*Stored data*
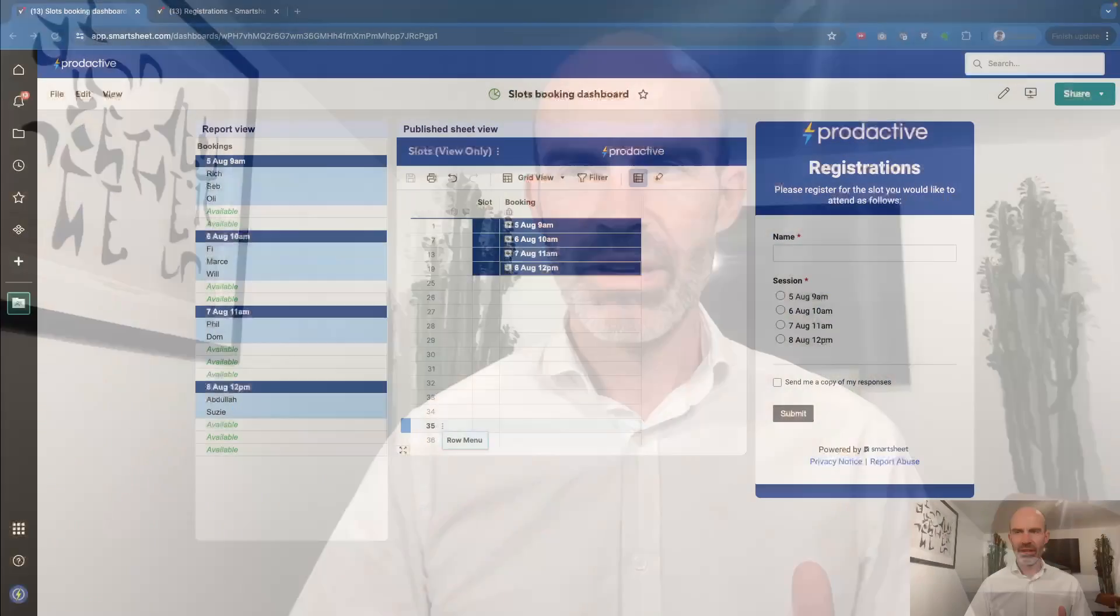Hi, this is Rich Coles from Prodactive. The purpose of this video is to provide a bit of inspiration in how you can use Smartsheet for a different purpose, in this case how to create a slot booking system.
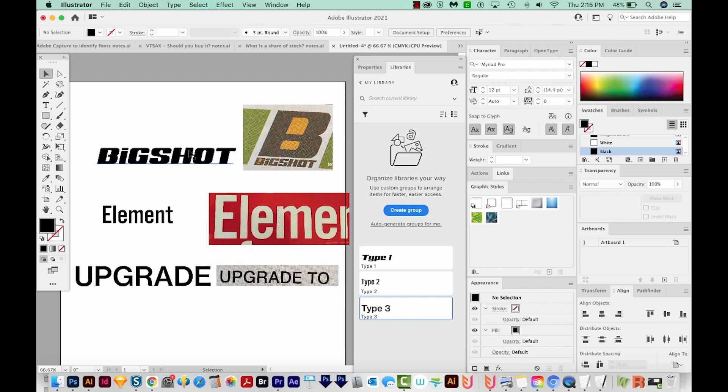Now if it's not working for you and you're just not able to find the font, I actually have another font video that talks about a few other ways that you can try to identify the fonts you see. And that'll be right up in the corner of your screen right now. All right, if you like this video and you want to see more videos like this, just hit the Subscribe button and the little bell next to it, and you'll be notified every time a new video comes out. I'll see you in the next video. Thank you!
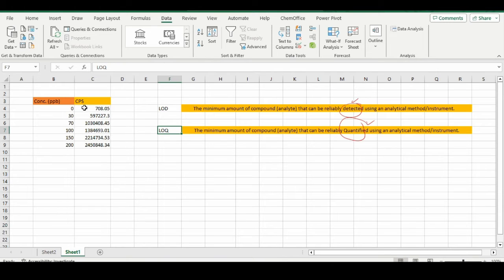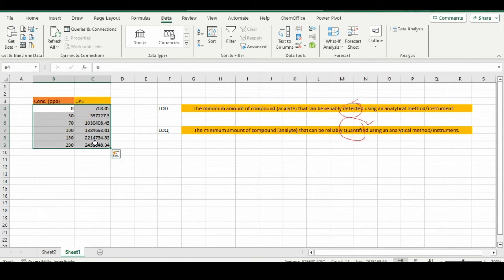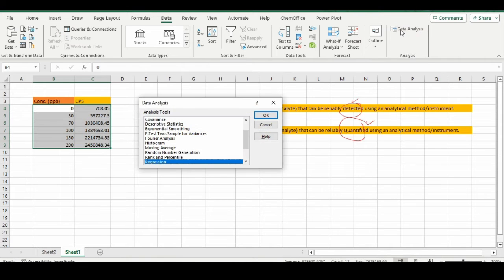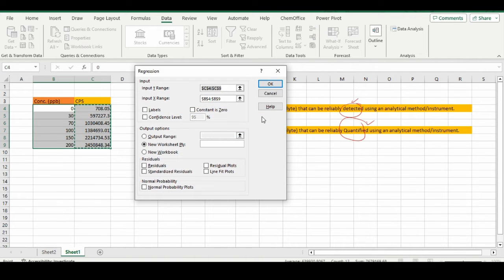In order to find out the regression, first we need to select the data. From the tabs, under Data, you need to select Data Analysis, and from Data Analysis you need to select Regression.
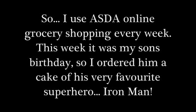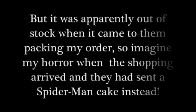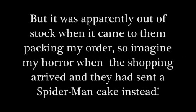Spider-Man Spider-Man, Spider-Man Does whatever a spider can Spins away any size Catches these just like flies Look out, here comes the Spider-Man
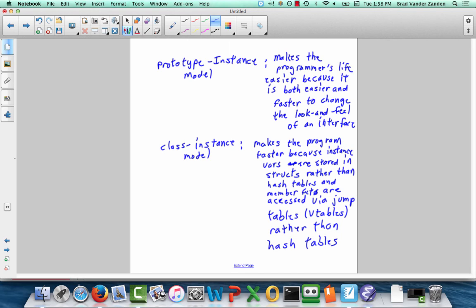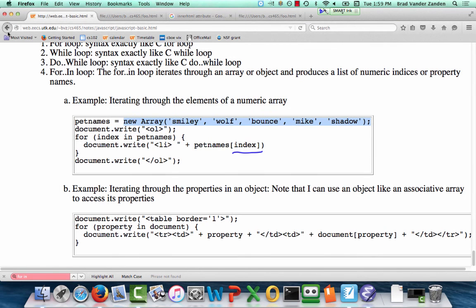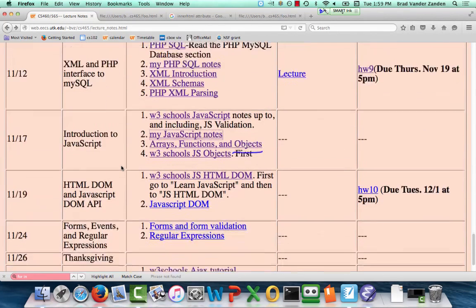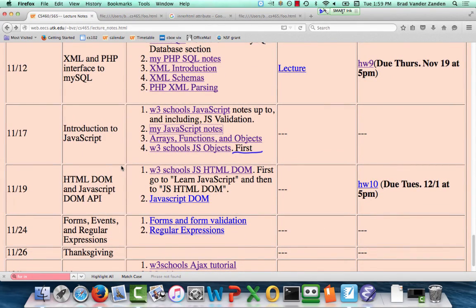So today we've pretty much covered the fundamental differences between JavaScript and other languages. On Thursday we are going to pick up with the HTML DOM — how it operates, how you're able to change it, what the API is, et cetera. I will see you all Tuesday.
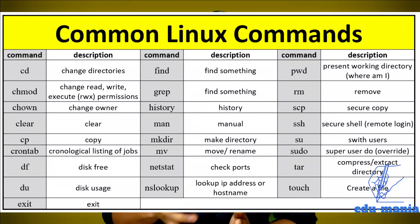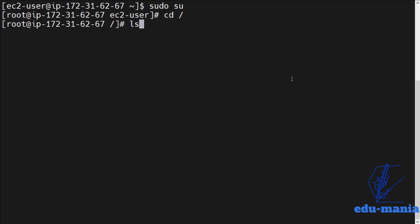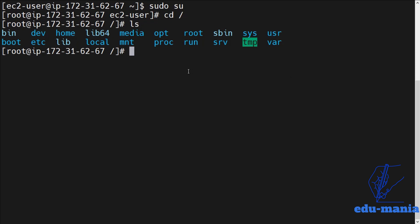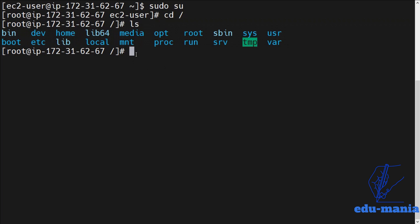The first video will be on Linux basic commands — the basic commands that everybody should know. In Linux architecture, there are different types of directories, and we will see what those directories are, what their purpose is, what type of folders exist, and what logs are stored in each directory.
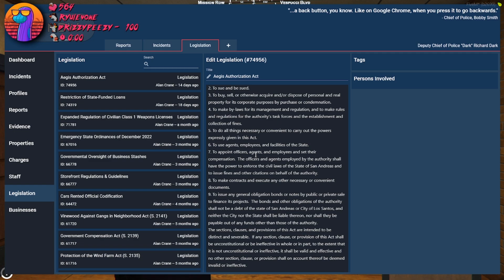To make contracts and execute any other necessary or convenient documents. What is the point of this? This is sus as shit.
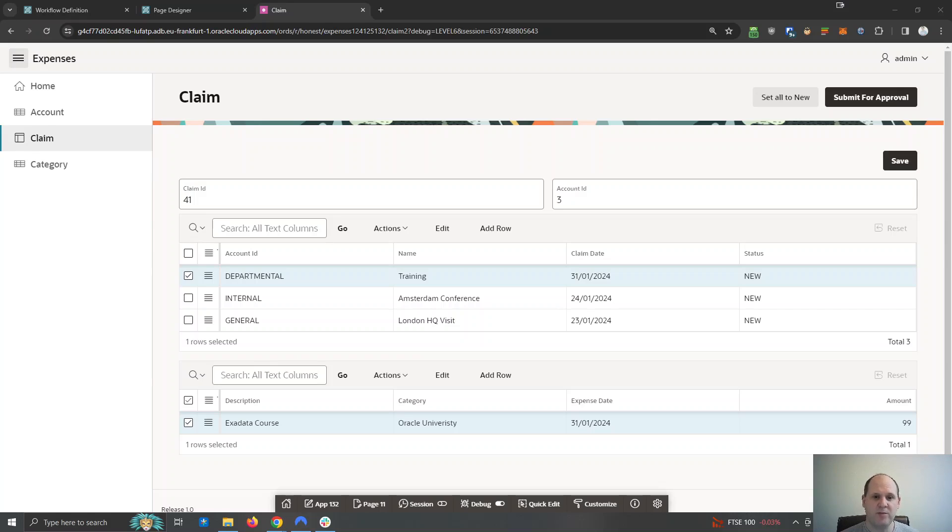Hi, it's Matt Mulvaney from Pretis here and as you can see from my screen we're going to build an APEX application.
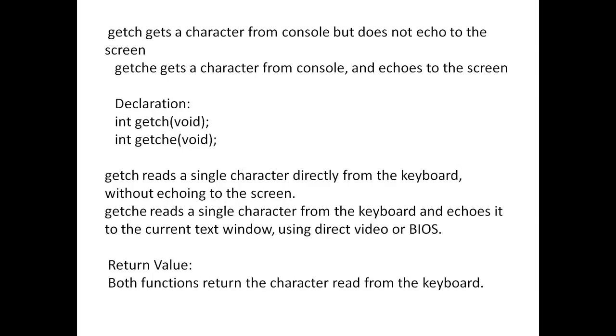So these two functions have a return value. Both functions return the character read from the keyboard. Now let me explain these functions with a program.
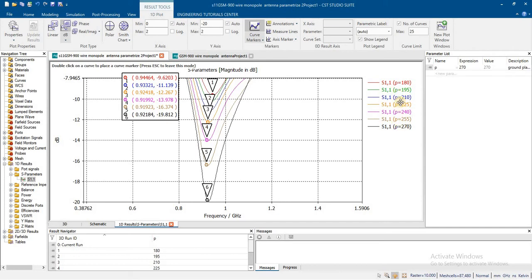Here you can see that the increase in ground plane shown is very small. If we increase the ground plane by 100 mm or 200 mm each time, you will observe a large decrease in resonance frequency.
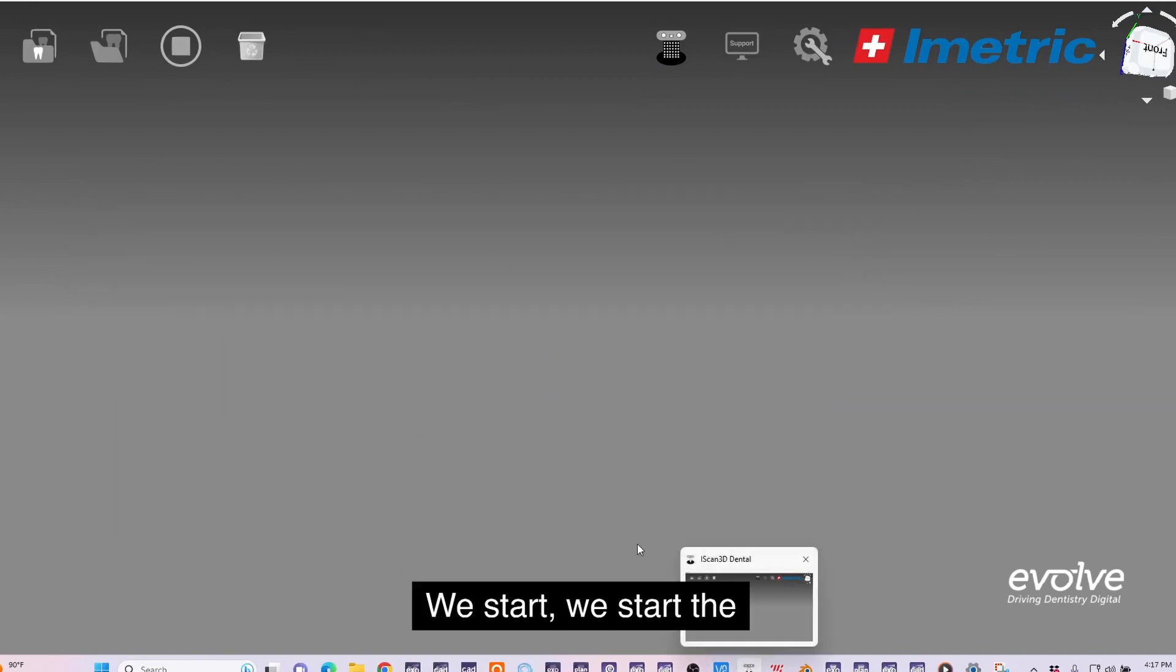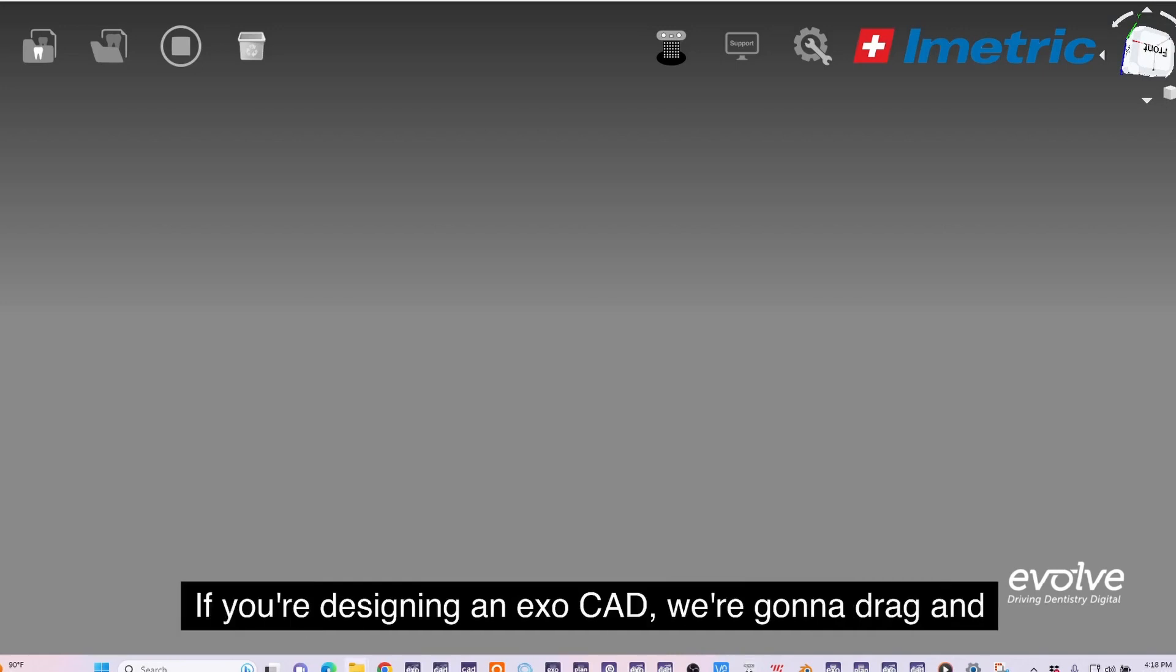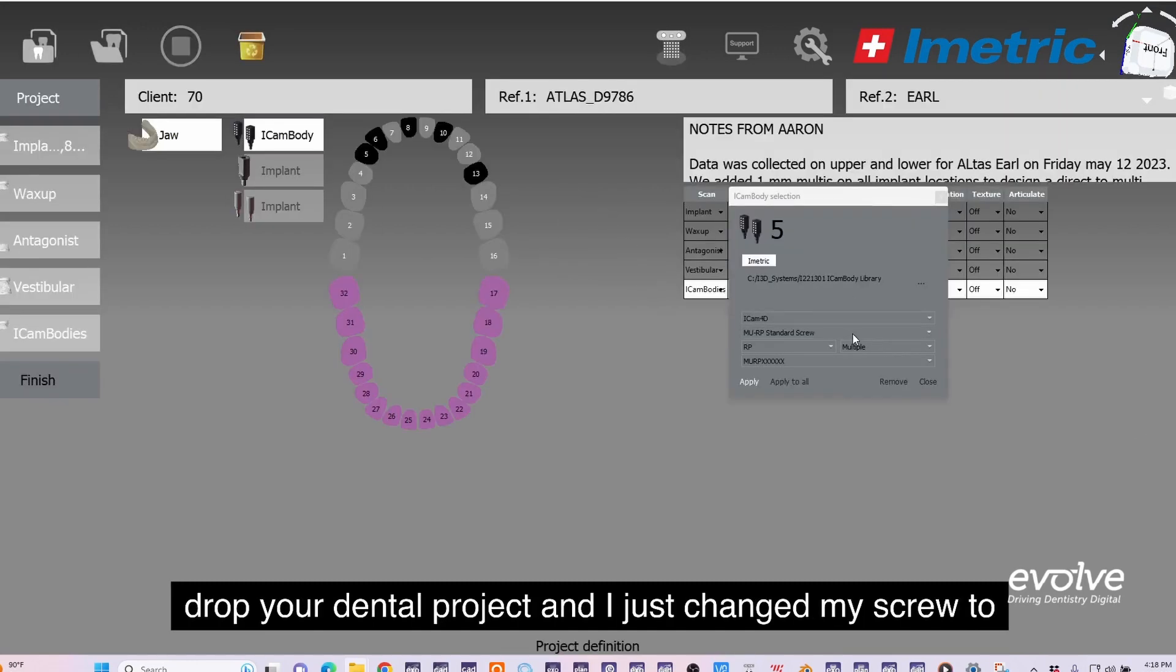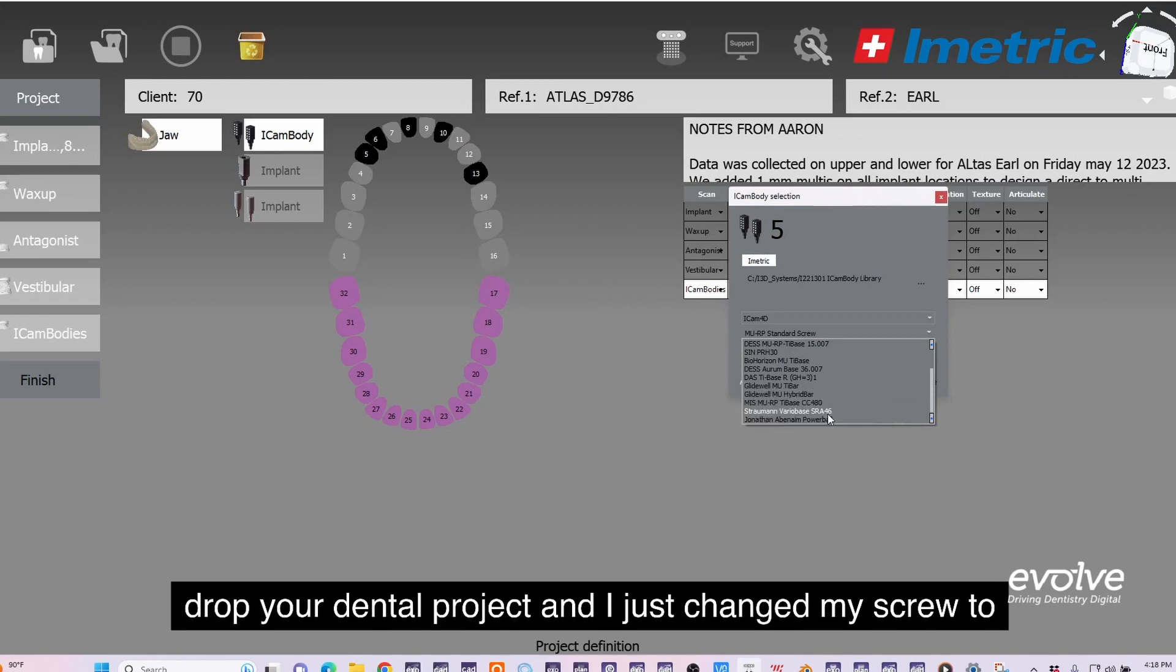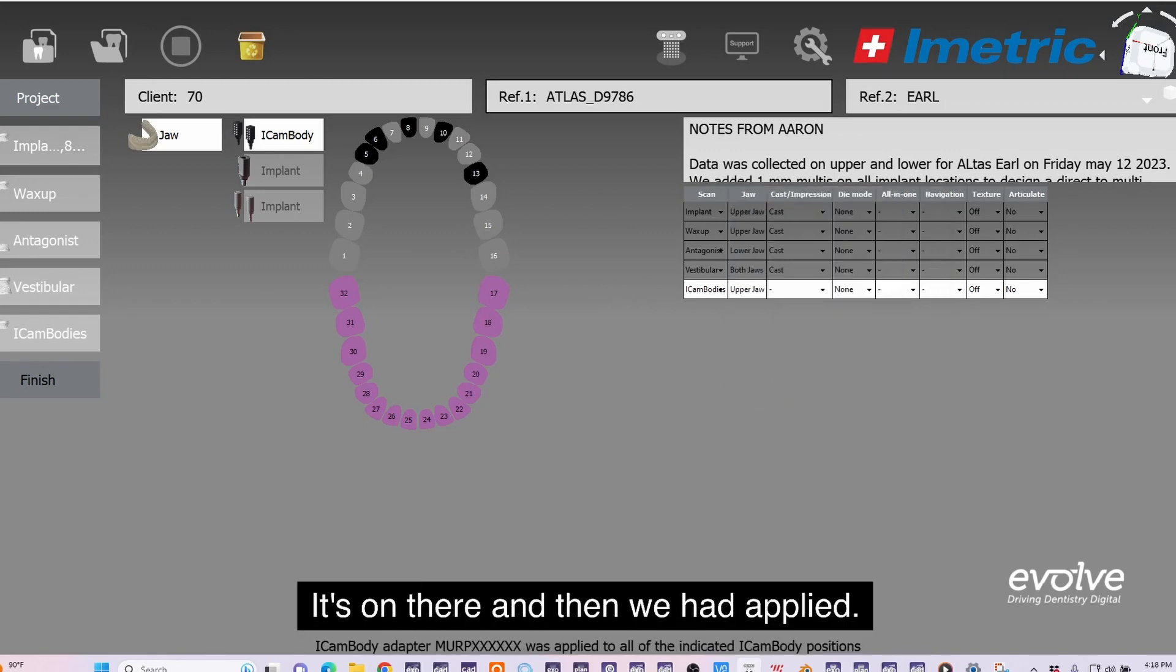We start the software and the first file we upload, if you're designing in exocad, we're going to drag and drop the dental project. I just changed my screw to the screw that I used. It's on there.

*TASK OBJECTIVE*
Would you please copy, exactly and only, the lines from the one with "So today we've" through the end of the entries above, skipping every picture?

*FINAL ANSWER*
So today we've pretty much covered the fundamental differences between JavaScript and other languages. On Thursday we are going to pick up with the HTML DOM — how it operates, how you're able to change it, what the API is, et cetera. I will see you all Tuesday.
The first video will be on Linux basic commands — the basic commands that everybody should know. In Linux architecture, there are different types of directories, and we will see what those directories are, what their purpose is, what type of folders exist, and what logs are stored in each directory.
To make contracts and execute any other necessary or convenient documents. What is the point of this? This is sus as shit.
Hi, it's Matt Mulvaney from Pretis here and as you can see from my screen we're going to build an APEX application.
So these two functions have a return value. Both functions return the character read from the keyboard. Now let me explain these functions with a program.
Here you can see that the increase in ground plane shown is very small. If we increase the ground plane by 100 mm or 200 mm each time, you will observe a large decrease in resonance frequency.
We start the software and the first file we upload, if you're designing in exocad, we're going to drag and drop the dental project. I just changed my screw to the screw that I used. It's on there.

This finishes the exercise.